## Instructions for the task
In the entries below, find the line with "Let's break it" and the line with "Thank you so"; reproduce those two lines and all lines between them exactly, without pictures.

## Provided records
____________

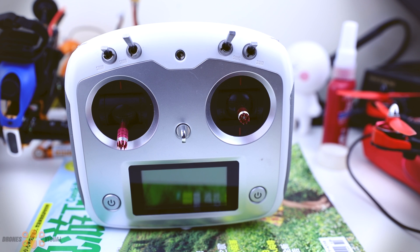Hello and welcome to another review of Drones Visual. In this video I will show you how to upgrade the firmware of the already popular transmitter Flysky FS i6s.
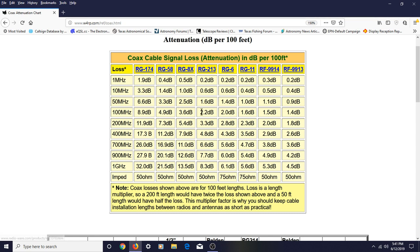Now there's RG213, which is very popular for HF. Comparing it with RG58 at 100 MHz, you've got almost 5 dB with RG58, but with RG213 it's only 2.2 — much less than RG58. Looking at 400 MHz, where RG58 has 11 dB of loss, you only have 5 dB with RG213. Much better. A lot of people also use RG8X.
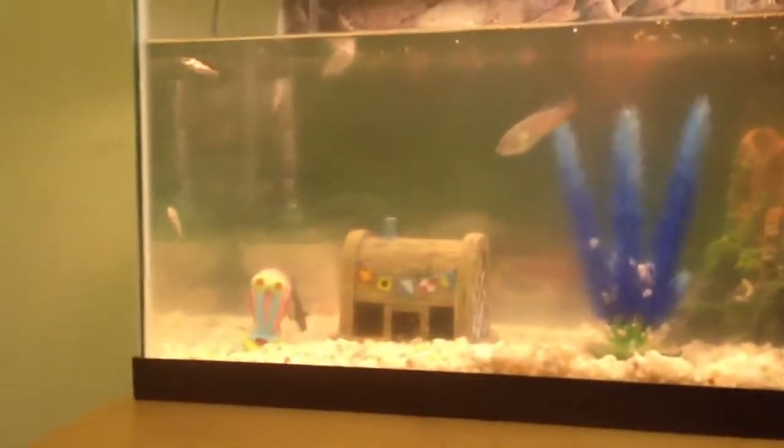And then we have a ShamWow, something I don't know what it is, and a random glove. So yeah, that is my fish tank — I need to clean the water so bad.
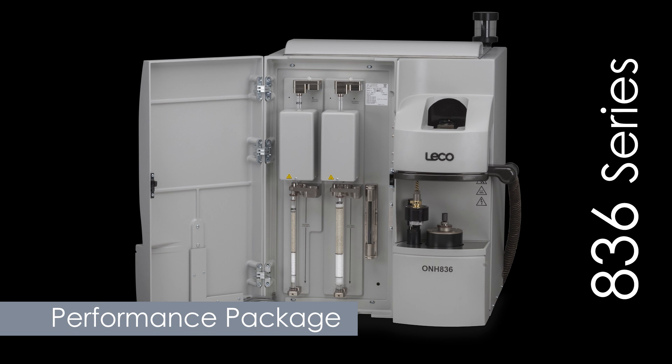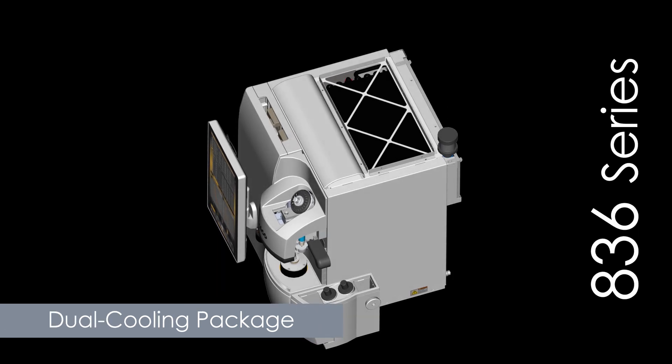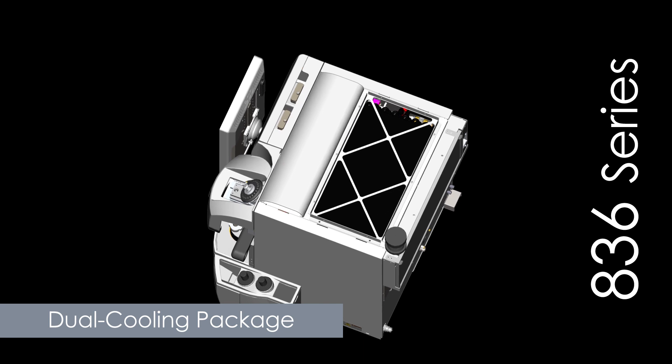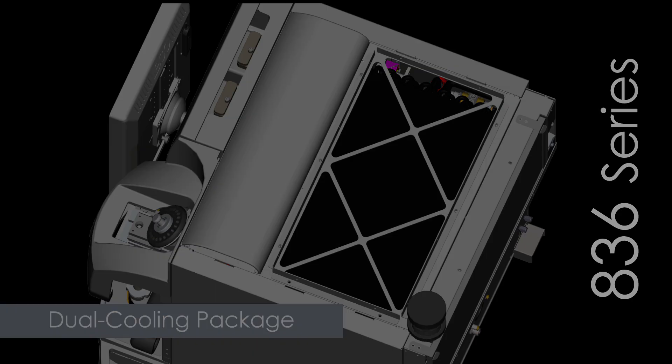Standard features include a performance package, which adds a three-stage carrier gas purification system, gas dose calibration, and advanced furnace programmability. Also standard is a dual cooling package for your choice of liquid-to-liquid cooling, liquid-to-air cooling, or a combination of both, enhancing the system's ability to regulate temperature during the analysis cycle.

____________

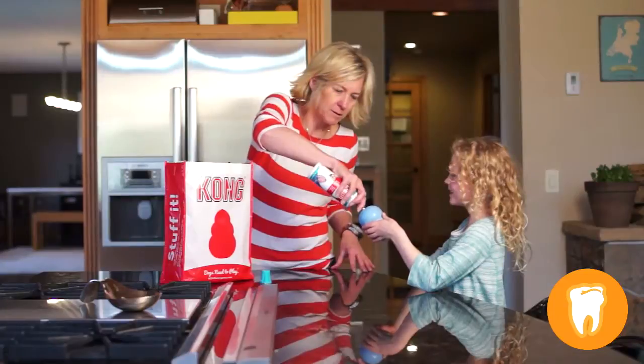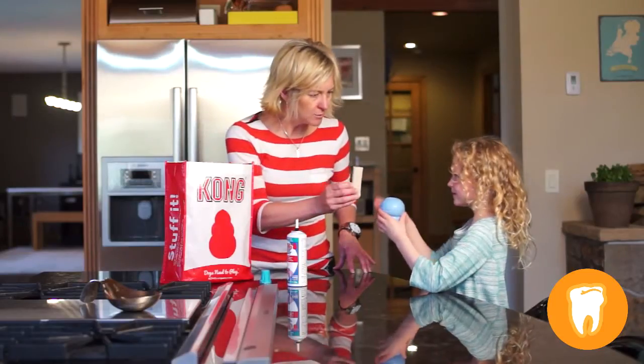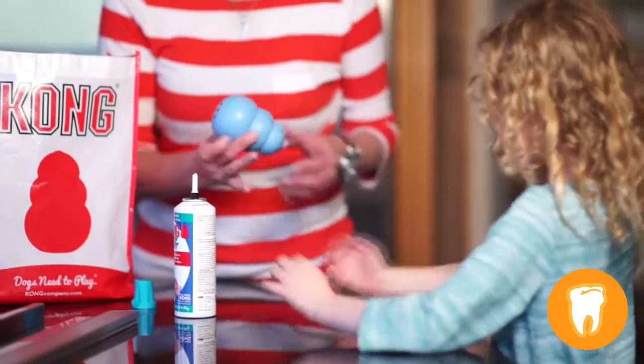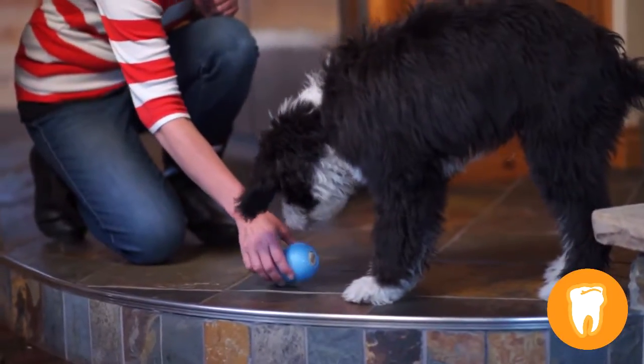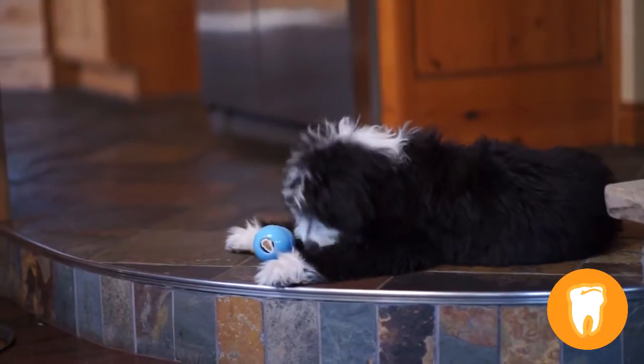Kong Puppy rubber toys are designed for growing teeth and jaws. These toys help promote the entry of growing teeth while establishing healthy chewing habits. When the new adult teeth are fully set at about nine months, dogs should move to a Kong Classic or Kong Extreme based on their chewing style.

____________

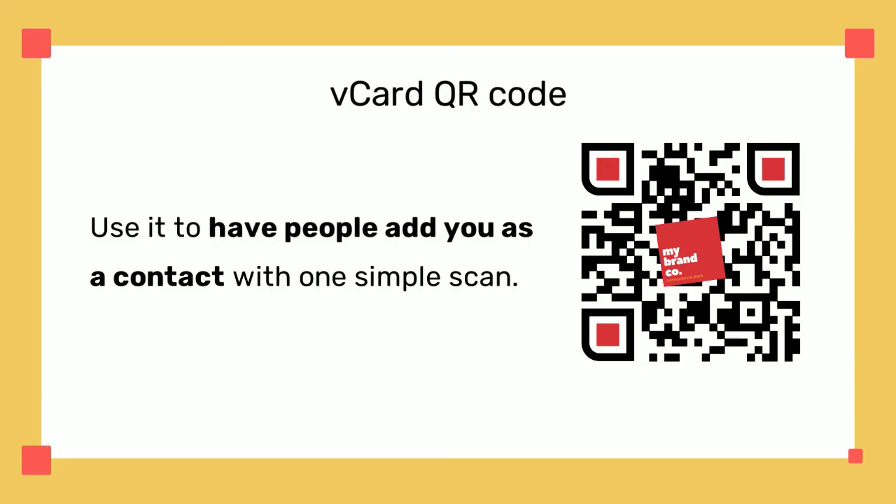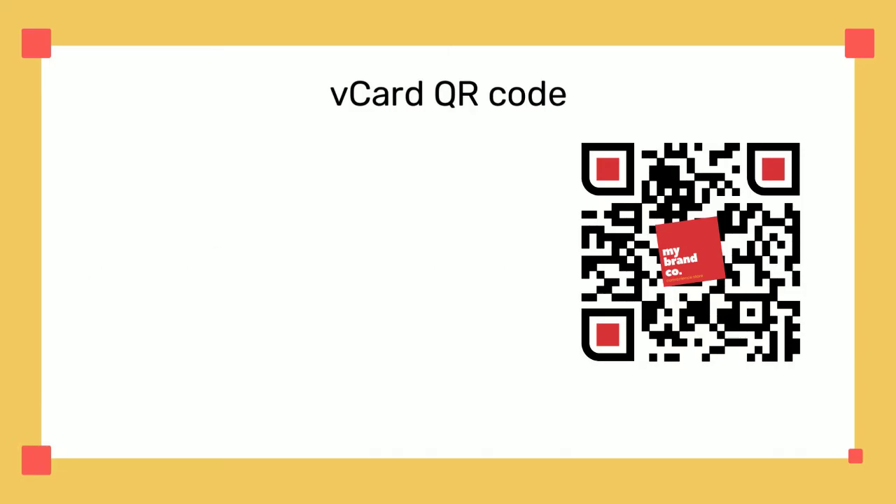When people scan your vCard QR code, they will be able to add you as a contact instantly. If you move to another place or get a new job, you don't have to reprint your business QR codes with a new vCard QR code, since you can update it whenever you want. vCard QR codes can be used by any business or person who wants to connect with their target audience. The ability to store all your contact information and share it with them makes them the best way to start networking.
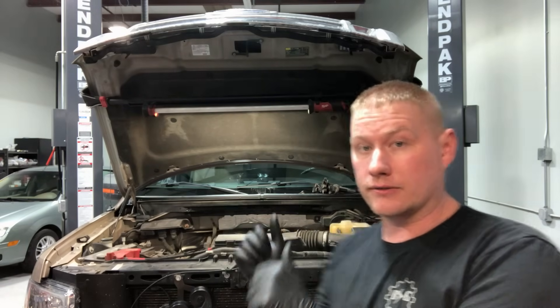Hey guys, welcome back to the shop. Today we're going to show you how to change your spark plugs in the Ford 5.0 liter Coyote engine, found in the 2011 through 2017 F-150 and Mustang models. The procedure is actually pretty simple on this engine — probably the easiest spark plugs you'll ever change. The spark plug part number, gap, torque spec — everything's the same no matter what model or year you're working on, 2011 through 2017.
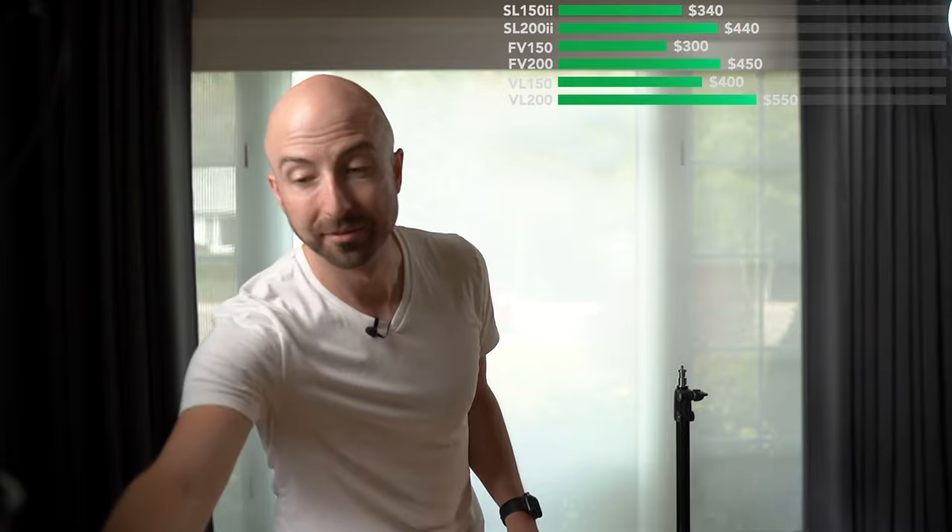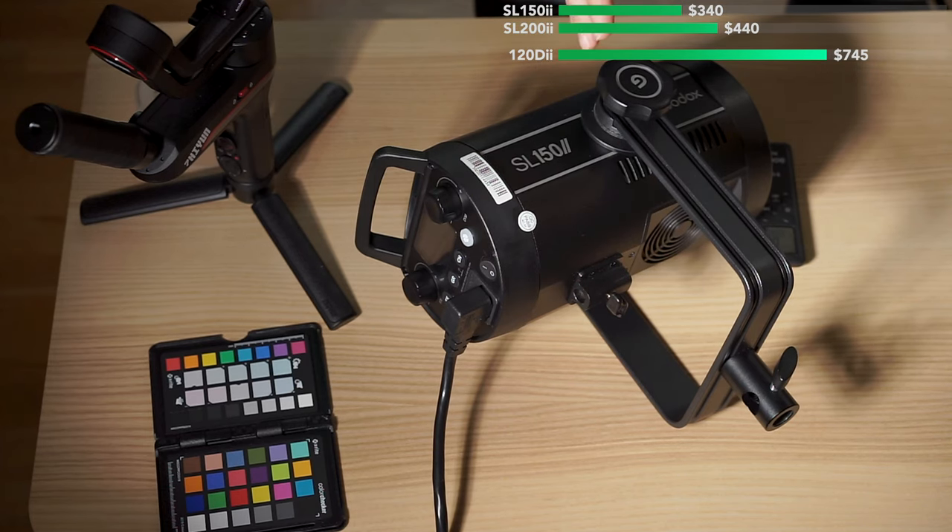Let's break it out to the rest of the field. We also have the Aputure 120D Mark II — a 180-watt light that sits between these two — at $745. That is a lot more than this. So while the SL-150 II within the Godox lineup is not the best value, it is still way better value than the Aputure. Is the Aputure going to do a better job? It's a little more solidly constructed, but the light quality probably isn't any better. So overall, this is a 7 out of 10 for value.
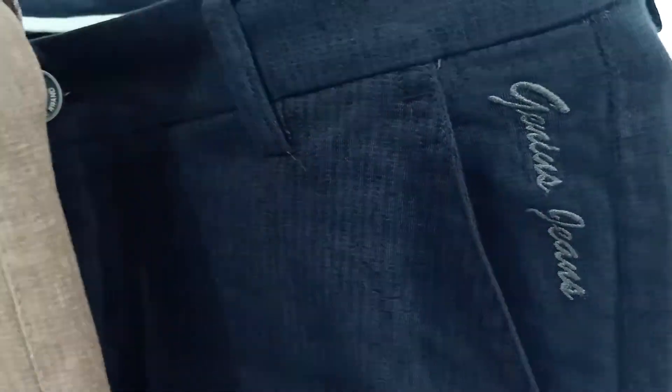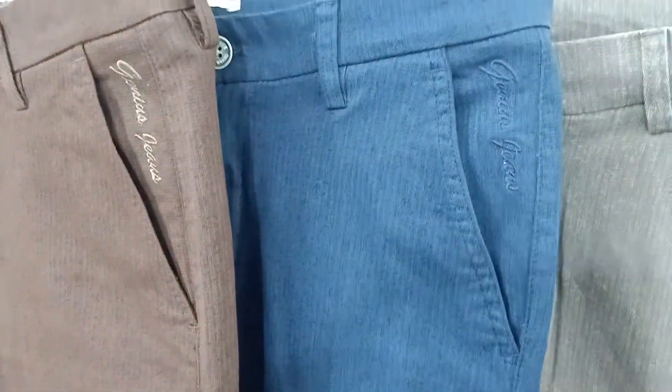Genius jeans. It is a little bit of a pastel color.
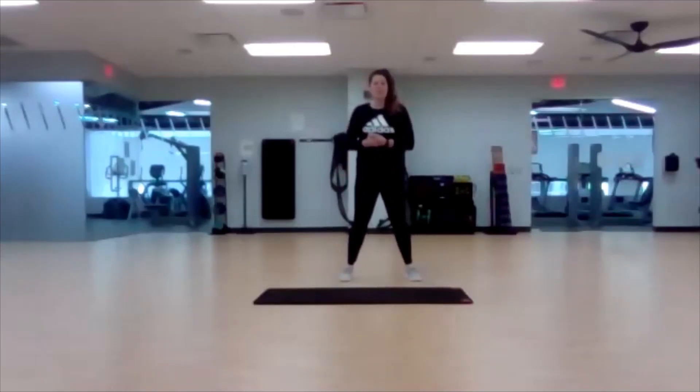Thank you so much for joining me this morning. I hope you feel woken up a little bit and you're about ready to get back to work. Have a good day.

____________

## Exercise response
Let's break it out to the rest of the field. We also have the Aputure 120D Mark II — a 180-watt light that sits between these two — at $745. That is a lot more than this. So while the SL-150 II within the Godox lineup is not the best value, it is still way better value than the Aputure. Is the Aputure going to do a better job? It's a little more solidly constructed, but the light quality probably isn't any better. So overall, this is a 7 out of 10 for value.
Genius jeans. It is a little bit of a pastel color.
Thank you so much for joining me this morning. I hope you feel woken up a little bit and you're about ready to get back to work. Have a good day.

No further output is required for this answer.